Aos que duvidam que o Brasil é de fato livre e moderno, que atirem o primeiro tomate!
Assim como a semana dos políticos de Brasília é mais curta do que a dos pobres brasileiros comuns, a Semana de Arte Moderna durou apenas três dias: 13, 15 e 17 de fevereiro de 1922. A música, a poesia e a arte ali apresentadas propunham uma ruptura com o academicismo e o parnasianismo em prol de uma identidade artística e uma estética genuinamente brasileiras. Se o ano de 1922 foi um marco, para nós mineiros, tidos e havidos como tradicionalistas e conservadores, no entanto, talvez o ano de 1924 tenha ainda mais importância, pois a passagem dos principais nomes do movimento em viagem pelo circuito das cidades históricas de Minas Gerais vai definir os rumos do chamado Modernismo brasileiro, dando substância para seus famosos manifestos: PAU BRASIL (1924); VERDE AMARELO (1926); ANTROPOFÁGICO (1928) e ESCOLA DA ANTA (1929).
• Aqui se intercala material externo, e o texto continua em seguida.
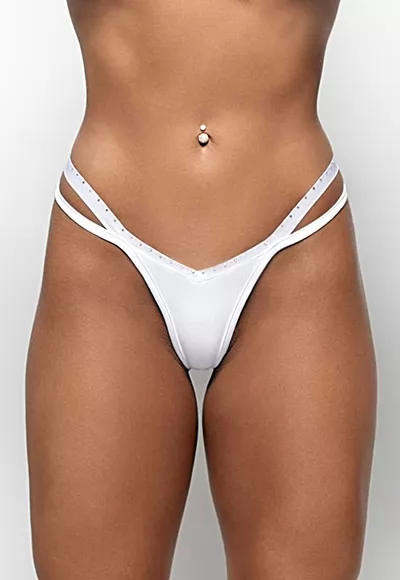 The white Texas thong has an original and sexy cut, with two stretchable straps on the sides, one of which is decorated with shiny rhinestones to catch the eye and a slightly V-shape.  At the back of the white Texas thong, the thong cut is very sexy with a ring in the small of the back. Soft and comfortable lycra thong.  Coordinate the white Texas thong...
Pouca gente sabe, mas os tais modernistas nutriam profunda identificação com Minas Gerais. Em 1919, Mário de Andrade veio pela primeira vez a Minas e seu olhar atento às velhas e esquecidas cidades coloniais mineiras, à arquitetura e arte barroca feitas por artistas mulatos, como Aleijadinho, despertou nele a convicção de que aqui se fez pela primeira vez uma arte genuinamente brasileira. Os artistas “deglutiam” a estética europeia e digeriam e arrotavam misturas indígenas e africanas. Em 1924, entre 15 e 30 de abril, participaram de uma nova caravana, expoentes artísticos e personalidades ligadas ao grupo formado em São Paulo: Oswald de Andrade, seu filho Nonê, com apenas 11 anos, Tarsila do Amaral, Mário de Andrade, o jornalista René Thiollier, a fazendeira Olívia Guedes Penteado, o advogado Goffredo Telles e o grande poeta franco-suíço Blaise Cendrars, na ocasião conhecendo as entranhas do País e fazendo contatos imediatos com a classe intelectual brasileira. A intenção era passar a Semana Santa em Minas Gerais e chamaram esta excursão estética e filosófica de “Viagem de redescoberta do Brasil”. Chegaram por Juiz de Fora e rapidamente passaram por Barbacena até São João del-Rei, seguindo o serpentear do Rio das Mortes pelo trenzinho da Oeste de Minas. Reminiscências de alguns membros da expedição relatam que as passagens só foram obtidas depois de um “cambalacho” feito com o chefe da Estação Ferroviária de Barbacena. Algo digno de um personagem bem modernista, Macunaíma, que no livro de Mário de Andrade passa por Barbacena só para tomar leite nas tetas de uma vaca… ao invés de zebu, seria uma pura holandesa trazida para Sítio (Antônio Carlos) pelos Sena Figueiredo?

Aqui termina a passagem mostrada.